242 Views Asked by At

I want to copy from global memory to shared memory, I did the following

__global__ void test(unsigned char *image, unsigned char *out, int n, int m)
{
    int x = threadIdx.x + blockIdx.x * blockDim.x;
    int y = threadIdx.y + blockIdx.y * blockDim.y;
    int index = x + y * blockDim.x * gridDim.x;
    

    __shared__ unsigned char shared [16*16*3];

    if (threadIdx.x < 256)
    {
        shared[threadIdx.x*3+0] = image[index*3+0];
        shared[threadIdx.x*3+1] = image[index*3+1];
        shared[threadIdx.x*3+2] = image[index*3+2];
    }

    __syncthreads();

    if (threadIdx.x < 256)
    {
        out[index*3+0] = shared[threadIdx.x*3+0];
        out[index*3+1] = shared[threadIdx.x*3+1];
        out[index*3+2] = shared[threadIdx.x*3+2];
    }
}

I have a 512x512 image and I am calling the kernel in that way:

out = (unsigned char*) malloc(n*m*3);
cudaMalloc( (void**)&dev_image, n*m*3);
cudaMalloc( (void**)&dev_out, n*m*3);
cudaMemcpy( dev_image, image, n*m*3, cudaMemcpyHostToDevice);
cudaMemcpy( dev_out, out, n*m*3, cudaMemcpyHostToDevice);

dim3 threads(16,16);
dim3 blocks(32, 32);

test<<<blocks, threads>>>(dev_image, dev_out, n, m);
cudaThreadSynchronize();

cudaMemcpy( out, dev_out, n*m*3, cudaMemcpyDeviceToHost );

Any idea what I am doing wrong? How can I copy a part of global memory to shared memory (one dimensional)?

1

There are 1 best solutions below

0
On

In your kernel you check threadIdx.x < 256 which is wrong because threadIdx.x couldn't be bigger than 15. You have to check your index inside the 16x16 threadblock instead.
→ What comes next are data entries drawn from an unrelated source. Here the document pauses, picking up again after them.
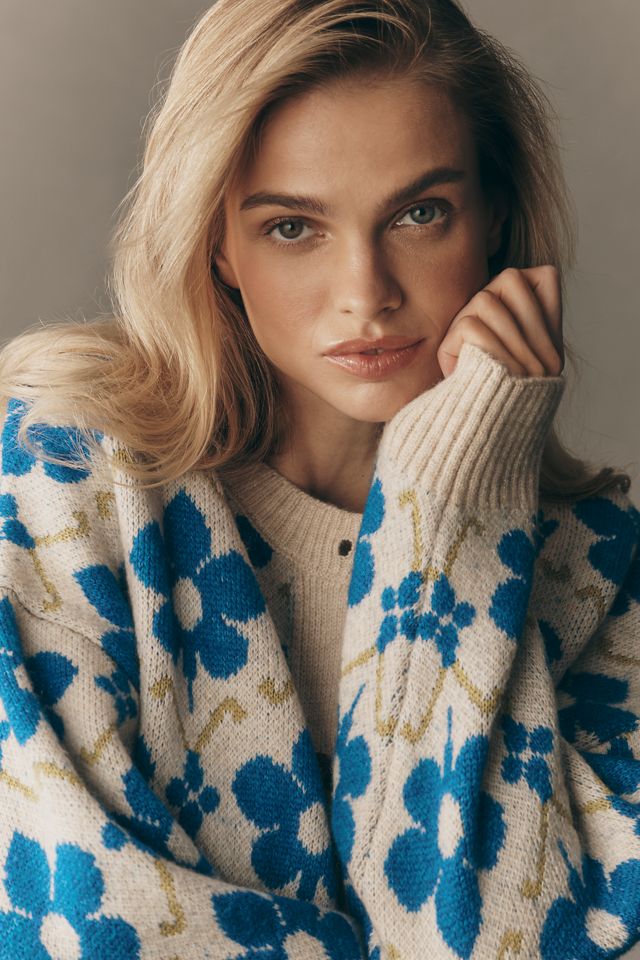 Maeve Graphic Intarsia Cardigan Sweater #2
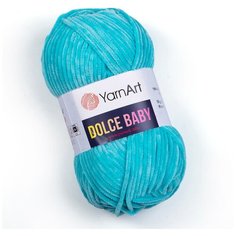 Пряжа для вязания YarnArt Dolce Baby (ЯрнАрт Дольче Беби) - 2 мотка 746 св. бирюза, фантазийная, велюровая для игрушек 100% микрополиэстер 85м/50г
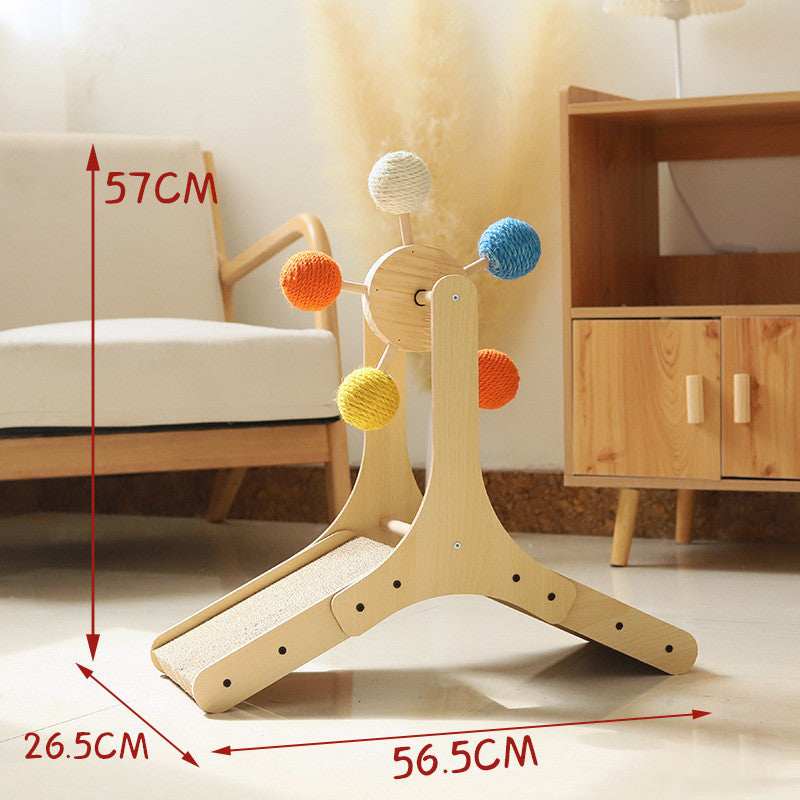 Interactive Wooden Cat Scratch Toy with Rotating Balls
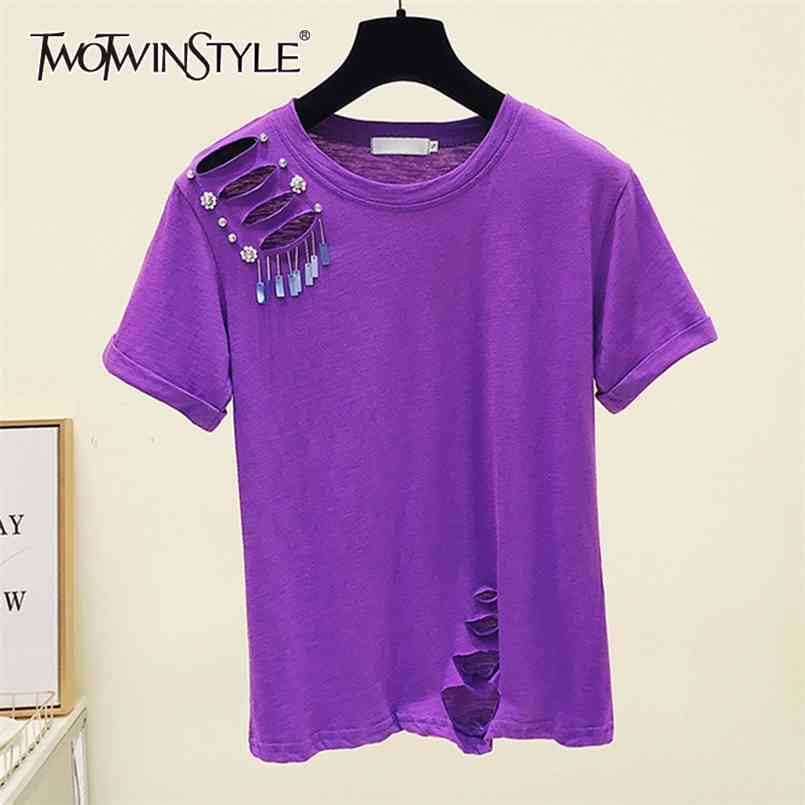 

TWOWINSYLE Casual Hollow Out Shirt For Women O Neck Short Sleeve Patchwork Diamond Shirts Female Fashionable Clothes 210524, Purple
I've changed your kernel to this:

__global__ void test(unsigned char *image, unsigned char *out, int n, int m)
{
    int x = threadIdx.x + blockIdx.x * blockDim.x;
    int y = threadIdx.y + blockIdx.y * blockDim.y;
    int index = x + y * blockDim.x * gridDim.x;
    int blockIndex = threadIdx.x + threadIdx.y * blockDim.x;

    __shared__ unsigned char shared [16*16*3];

    if (blockIndex < 256 && index < n*m)
    {
        shared[blockIndex*3+0] = image[index*3+0];
        shared[blockIndex*3+1] = image[index*3+1];
        shared[blockIndex*3+2] = image[index*3+2];
    }

    __syncthreads();

    if (blockIndex < 256 && index < n*m)
    {
        out[index*3+0] = shared[blockIndex*3+0];
        out[index*3+1] = shared[blockIndex*3+1];
        out[index*3+2] = shared[blockIndex*3+2];
    }
}

Also you should never forget a bounds check in your kernels (I've added, too) and proper cuda errorchecking for kernel and cuda api calls.